Jim Young: Yeah. This also sounds a lot like the sort of thing that Jack Hubbard spoke in the BankOnPurpose, somebody we've had on this podcast. He's talked about in terms of [inaudible 00:08:25] yourself into a resource, [inaudible 00:08:27] relationship manager, resource manager, or sometimes we talk about as being a trusted advisor, going away from order taker to somebody that can really provide that insight that you want. I can hear already some bankers saying, "We know we have all this data, and that sounds great, but there's a big jump from having all this data and putting this data into form that is usable." I mean, is that sort of the magic potion here, that block that needs to be filled in?
Dallas Wells: I think so. Good news and bad news there. If I know bankers, they want the bad news first. The bad news is, it is going to take some effort and it is going to take some money. There are some resources that you're going to need in place. Specifically, you have to get this data into a usable place, for lack of a better way to put it. In plain language, you have to get the data where it's accessible and usable in a format where it's relevant to you. It can't sit in your core system. It can't sit there. That means banks have to get a lot better and a lot more disciplined about where this data resides, who has access to it, who can use it. You're actually going to have to use that CRM system that you're spending a fortune on. You have to use it in a consistent, disciplined way.
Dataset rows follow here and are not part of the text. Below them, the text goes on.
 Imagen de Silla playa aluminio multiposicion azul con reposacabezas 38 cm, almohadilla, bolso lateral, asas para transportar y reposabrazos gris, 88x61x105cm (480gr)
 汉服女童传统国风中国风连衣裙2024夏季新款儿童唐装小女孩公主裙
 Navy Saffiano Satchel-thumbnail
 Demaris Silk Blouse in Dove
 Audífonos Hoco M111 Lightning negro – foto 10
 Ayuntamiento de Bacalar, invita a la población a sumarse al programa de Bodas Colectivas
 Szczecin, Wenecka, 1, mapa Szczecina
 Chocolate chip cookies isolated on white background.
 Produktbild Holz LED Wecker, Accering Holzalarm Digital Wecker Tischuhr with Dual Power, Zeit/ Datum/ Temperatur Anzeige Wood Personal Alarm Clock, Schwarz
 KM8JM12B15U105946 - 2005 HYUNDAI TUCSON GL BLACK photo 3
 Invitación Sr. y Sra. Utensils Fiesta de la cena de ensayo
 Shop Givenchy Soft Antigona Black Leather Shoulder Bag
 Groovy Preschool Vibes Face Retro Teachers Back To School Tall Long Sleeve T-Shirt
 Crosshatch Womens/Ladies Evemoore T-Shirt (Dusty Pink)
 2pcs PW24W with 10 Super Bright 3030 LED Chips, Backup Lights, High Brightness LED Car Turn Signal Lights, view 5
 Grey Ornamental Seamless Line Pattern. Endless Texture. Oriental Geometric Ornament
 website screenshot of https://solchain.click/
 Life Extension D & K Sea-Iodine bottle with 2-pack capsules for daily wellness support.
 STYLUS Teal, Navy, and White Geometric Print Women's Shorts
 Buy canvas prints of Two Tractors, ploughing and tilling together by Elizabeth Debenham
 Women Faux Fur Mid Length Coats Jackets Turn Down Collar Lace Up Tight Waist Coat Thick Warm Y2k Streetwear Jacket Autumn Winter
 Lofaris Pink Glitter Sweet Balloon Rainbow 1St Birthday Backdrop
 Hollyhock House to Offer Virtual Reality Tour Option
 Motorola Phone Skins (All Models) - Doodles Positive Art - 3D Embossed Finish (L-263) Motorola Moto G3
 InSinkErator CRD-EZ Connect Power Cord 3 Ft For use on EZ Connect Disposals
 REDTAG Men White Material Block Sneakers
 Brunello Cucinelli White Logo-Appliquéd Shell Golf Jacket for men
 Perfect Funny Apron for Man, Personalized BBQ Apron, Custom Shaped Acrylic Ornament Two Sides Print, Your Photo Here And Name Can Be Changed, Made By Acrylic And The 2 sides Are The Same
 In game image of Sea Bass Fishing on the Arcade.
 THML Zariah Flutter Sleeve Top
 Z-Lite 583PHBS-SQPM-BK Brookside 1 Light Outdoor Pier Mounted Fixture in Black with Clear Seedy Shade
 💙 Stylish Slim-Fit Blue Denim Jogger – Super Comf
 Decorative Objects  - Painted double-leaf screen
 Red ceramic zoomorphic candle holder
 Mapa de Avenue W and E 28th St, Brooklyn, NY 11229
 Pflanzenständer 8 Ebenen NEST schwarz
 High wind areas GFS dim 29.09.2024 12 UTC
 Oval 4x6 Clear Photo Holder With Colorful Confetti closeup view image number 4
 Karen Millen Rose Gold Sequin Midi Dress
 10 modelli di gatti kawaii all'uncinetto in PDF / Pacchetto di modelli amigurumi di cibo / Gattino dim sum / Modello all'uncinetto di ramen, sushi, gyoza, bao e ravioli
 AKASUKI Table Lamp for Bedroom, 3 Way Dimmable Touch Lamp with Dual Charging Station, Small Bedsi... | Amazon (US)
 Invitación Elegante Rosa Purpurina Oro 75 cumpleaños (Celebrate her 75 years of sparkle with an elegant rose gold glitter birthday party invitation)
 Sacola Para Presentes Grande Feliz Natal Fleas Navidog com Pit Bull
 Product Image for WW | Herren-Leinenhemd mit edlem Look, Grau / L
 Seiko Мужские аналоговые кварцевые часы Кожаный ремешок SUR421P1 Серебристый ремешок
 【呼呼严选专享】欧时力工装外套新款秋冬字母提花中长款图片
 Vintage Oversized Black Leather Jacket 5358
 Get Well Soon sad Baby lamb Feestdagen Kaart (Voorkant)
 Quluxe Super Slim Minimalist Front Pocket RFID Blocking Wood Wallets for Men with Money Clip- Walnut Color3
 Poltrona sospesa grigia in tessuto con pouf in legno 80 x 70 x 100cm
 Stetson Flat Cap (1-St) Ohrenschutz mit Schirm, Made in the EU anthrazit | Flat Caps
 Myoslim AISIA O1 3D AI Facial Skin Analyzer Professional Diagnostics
You have to have the right technology in place, you have to have the right people to manage that technology. This is where we're seeing banks struggle, is they've used sort of the IT function of their bank forever as basically, it's a help desk, it's a support function, fix the things that break and keep me functioning, help me reset my password. You need a lot more than that to make this sort of stuff work. What you need is someone who actually understands databases. How to get relevant information out of all the different places that it's sitting from all the different stakeholders involved. Get it into a central spot where it can actually be used, analyzed, sorted, measured, labeled, all the things that you're going to need to actually make that data relevant from, I'll say data science, I don't want to scare anyone with that. Data science can be an intimidating concept or word. To be able to analyze it, right? And to be able to then deliver insights that come out of that to someone in a relevant way.
There's infrastructure to be put in place, that's the bad news, is you can't just use what you have. You're going to have to invest in it. The good news is, we touched on it already, there is proven technology out there, and I think the really exciting part for banks is that the off the shelf stuff is now viable for banks, meaning there is proven use cases where banks have used it, the world didn't end. Their data stayed safe and secure, and it met all the expectations. Regulators have seen it, viewed it, signed off on it. There's a track record here for this. The really early adopters of this, the banks had to build their own. Things like API integrations between a lot of the different systems and sources of data.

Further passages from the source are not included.